REQUIRED ACTION: Quote exactly, and only, the lines from the one containing "Quién creó iOS y en qué" through the end of the material below. Skip pictures.

DATA FOR THE TASK:
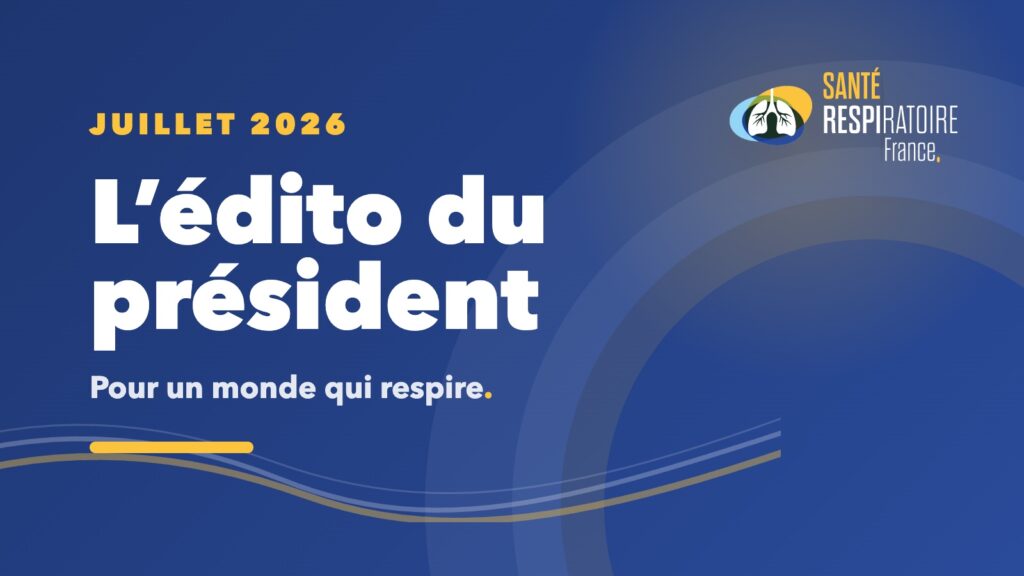 Édito du président juillet 2026 - Pour un monde qui respire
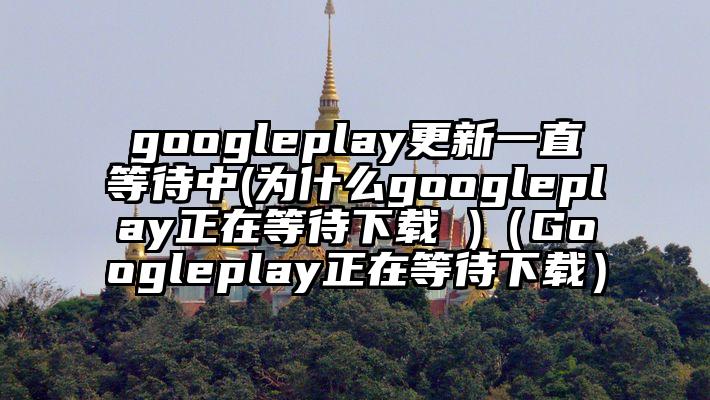 googleplay更新一直等待中(为什么googleplay正在等待下载 )（Googleplay正在等待下载）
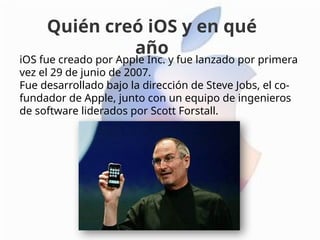 iOS fue creado por Apple Inc. y fue lanzado por primera
vez el 29 de junio de 2007.
Fue desarrollado bajo la dirección de Steve Jobs, el co-
fundador de Apple, junto con un equipo de ingenieros
de software liderados por Scott Forstall.
Quién creó iOS y en qué
año
 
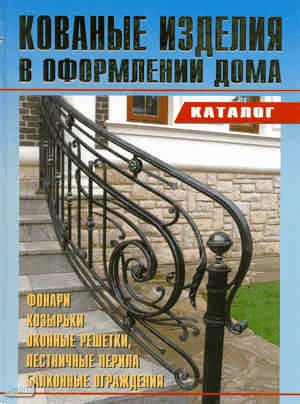 Кованые изделия в оформлении дома: Фонари. Козырьки. Оконные решетки. Лестничные перила. Балконные ограждения. Каталог. - М.: Аделант, 2009. - 80 с. - тверд. обл.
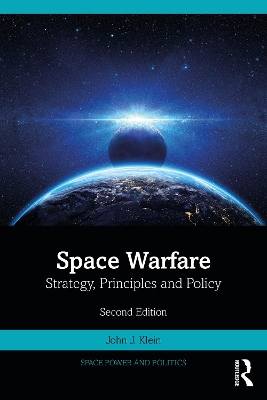 Space Warfare: Strategy, Principles and Policy by John J. Klein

RESPONSE TO THE TASK:
Quién creó iOS y en qué
año
 
 Кованые изделия в оформлении дома: Фонари. Козырьки. Оконные решетки. Лестничные перила. Балконные ограждения. Каталог. - М.: Аделант, 2009. - 80 с. - тверд. обл.
 Space Warfare: Strategy, Principles and Policy by John J. Klein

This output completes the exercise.